Gianola Daniel, Weigel Kent A, Krämer Nicole, Stella Alessandra, Schön Chris-Carolin
Department of Animal Sciences, University of Wisconsin-Madison, Madison, Wisconsin, United States of America; Department of Dairy Science, University of Wisconsin-Madison, Madison, Wisconsin, United States of America; Department of Biostatistics and Medical Informatics, University of Wisconsin-Madison, Madison, Wisconsin, United States of America.
Department of Dairy Science, University of Wisconsin-Madison, Madison, Wisconsin, United States of America.
PLoS One. 2014 Apr 10;9(4):e91693. doi: 10.1371/journal.pone.0091693. eCollection 2014.

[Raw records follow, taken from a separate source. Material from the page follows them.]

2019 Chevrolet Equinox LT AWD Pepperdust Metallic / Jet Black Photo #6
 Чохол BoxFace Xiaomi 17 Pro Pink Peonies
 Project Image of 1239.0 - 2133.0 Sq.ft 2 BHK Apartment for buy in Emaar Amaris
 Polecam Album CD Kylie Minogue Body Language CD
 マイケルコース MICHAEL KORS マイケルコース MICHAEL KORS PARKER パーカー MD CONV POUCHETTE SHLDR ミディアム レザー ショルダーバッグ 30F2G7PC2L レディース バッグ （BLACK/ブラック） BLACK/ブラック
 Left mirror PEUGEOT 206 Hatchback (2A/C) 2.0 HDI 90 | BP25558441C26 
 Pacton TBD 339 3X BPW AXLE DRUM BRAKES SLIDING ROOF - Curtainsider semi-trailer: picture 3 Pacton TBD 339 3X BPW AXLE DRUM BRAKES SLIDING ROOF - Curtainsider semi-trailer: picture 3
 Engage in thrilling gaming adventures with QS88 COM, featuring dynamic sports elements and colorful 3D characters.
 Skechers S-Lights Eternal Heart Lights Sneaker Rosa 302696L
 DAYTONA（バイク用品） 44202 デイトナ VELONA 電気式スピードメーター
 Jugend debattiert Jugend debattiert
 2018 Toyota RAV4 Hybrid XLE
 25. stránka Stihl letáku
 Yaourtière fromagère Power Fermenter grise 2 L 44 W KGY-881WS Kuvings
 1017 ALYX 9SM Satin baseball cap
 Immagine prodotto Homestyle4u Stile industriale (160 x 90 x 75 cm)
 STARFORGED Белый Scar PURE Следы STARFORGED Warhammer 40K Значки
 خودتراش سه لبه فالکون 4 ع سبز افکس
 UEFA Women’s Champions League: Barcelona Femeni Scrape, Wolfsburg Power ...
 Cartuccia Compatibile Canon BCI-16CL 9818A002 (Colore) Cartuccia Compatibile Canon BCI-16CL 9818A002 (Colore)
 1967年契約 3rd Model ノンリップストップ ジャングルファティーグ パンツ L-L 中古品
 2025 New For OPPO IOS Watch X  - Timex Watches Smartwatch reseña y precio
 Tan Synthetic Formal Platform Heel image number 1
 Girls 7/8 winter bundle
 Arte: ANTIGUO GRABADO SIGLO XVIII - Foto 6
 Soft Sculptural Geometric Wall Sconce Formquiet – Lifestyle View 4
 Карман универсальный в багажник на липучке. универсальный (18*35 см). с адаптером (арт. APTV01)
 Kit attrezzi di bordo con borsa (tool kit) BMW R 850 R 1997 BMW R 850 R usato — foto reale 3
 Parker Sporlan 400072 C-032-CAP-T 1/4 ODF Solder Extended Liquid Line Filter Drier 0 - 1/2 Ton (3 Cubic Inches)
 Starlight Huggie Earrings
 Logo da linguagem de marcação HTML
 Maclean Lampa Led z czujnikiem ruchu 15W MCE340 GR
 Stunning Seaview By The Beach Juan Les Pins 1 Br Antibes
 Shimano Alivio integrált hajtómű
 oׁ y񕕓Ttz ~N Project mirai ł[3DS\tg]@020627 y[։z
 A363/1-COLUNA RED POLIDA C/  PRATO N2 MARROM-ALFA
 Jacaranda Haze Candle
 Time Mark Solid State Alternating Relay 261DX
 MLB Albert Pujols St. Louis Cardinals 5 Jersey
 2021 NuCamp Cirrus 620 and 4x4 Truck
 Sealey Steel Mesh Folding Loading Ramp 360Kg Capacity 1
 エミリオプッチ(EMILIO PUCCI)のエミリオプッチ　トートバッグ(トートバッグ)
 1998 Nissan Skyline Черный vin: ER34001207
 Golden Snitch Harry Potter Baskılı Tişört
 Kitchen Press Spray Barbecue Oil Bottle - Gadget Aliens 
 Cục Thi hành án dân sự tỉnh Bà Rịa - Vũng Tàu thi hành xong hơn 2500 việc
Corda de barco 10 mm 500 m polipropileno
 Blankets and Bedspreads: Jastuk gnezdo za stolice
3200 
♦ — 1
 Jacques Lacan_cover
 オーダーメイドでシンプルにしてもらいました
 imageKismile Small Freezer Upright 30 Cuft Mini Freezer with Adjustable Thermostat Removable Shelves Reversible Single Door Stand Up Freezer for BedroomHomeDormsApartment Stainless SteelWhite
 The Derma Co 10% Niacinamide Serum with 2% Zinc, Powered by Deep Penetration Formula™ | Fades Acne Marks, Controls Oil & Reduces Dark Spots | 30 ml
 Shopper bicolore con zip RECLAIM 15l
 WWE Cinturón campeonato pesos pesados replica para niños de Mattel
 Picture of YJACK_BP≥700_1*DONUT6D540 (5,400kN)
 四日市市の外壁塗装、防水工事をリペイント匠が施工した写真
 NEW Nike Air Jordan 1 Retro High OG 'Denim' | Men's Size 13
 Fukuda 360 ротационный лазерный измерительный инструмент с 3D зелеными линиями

We examined whether or not the predictive ability of genomic best linear unbiased prediction (GBLUP) could be improved via a resampling method used in machine learning: bootstrap aggregating sampling ("bagging"). In theory, bagging can be useful when the predictor has large variance or when the number of markers is much larger than sample size, preventing effective regularization. After presenting a brief review of GBLUP, bagging was adapted to the context of GBLUP, both at the level of the genetic signal and of marker effects. The performance of bagging was evaluated with four simulated case studies including known or unknown quantitative trait loci, and an application was made to real data on grain yield in wheat planted in four environments. A metric aimed to quantify candidate-specific cross-validation uncertainty was proposed and assessed; as expected, model derived theoretical reliabilities bore no relationship with cross-validation accuracy. It was found that bagging can ameliorate predictive performance of GBLUP and make it more robust against over-fitting. Seemingly, 25-50 bootstrap samples was enough to attain reasonable predictions as well as stable measures of individual predictive mean squared errors.
我们研究了基因组最佳线性无偏预测(GBLUP)的预测能力是否可以通过机器学习中使用的重采样方法:自助聚合采样(“装袋法”)得到提高。理论上,当预测器具有较大方差或者标记数量远大于样本量从而阻碍有效正则化时,装袋法可能会有用。在简要回顾GBLUP之后,装袋法被应用于GBLUP的背景下,包括遗传信号层面和标记效应层面。通过四个模拟案例研究评估了装袋法的性能,这些案例研究包括已知或未知的数量性状位点,并将其应用于在四种环境下种植的小麦籽粒产量的实际数据。提出并评估了一个旨在量化候选特异性交叉验证不确定性的指标;正如预期的那样,模型推导的理论可靠性与交叉验证准确性无关。研究发现,装袋法可以改善GBLUP的预测性能,并使其对过拟合更具鲁棒性。似乎,25 - 50个自助样本足以获得合理的预测以及个体预测均方误差的稳定度量。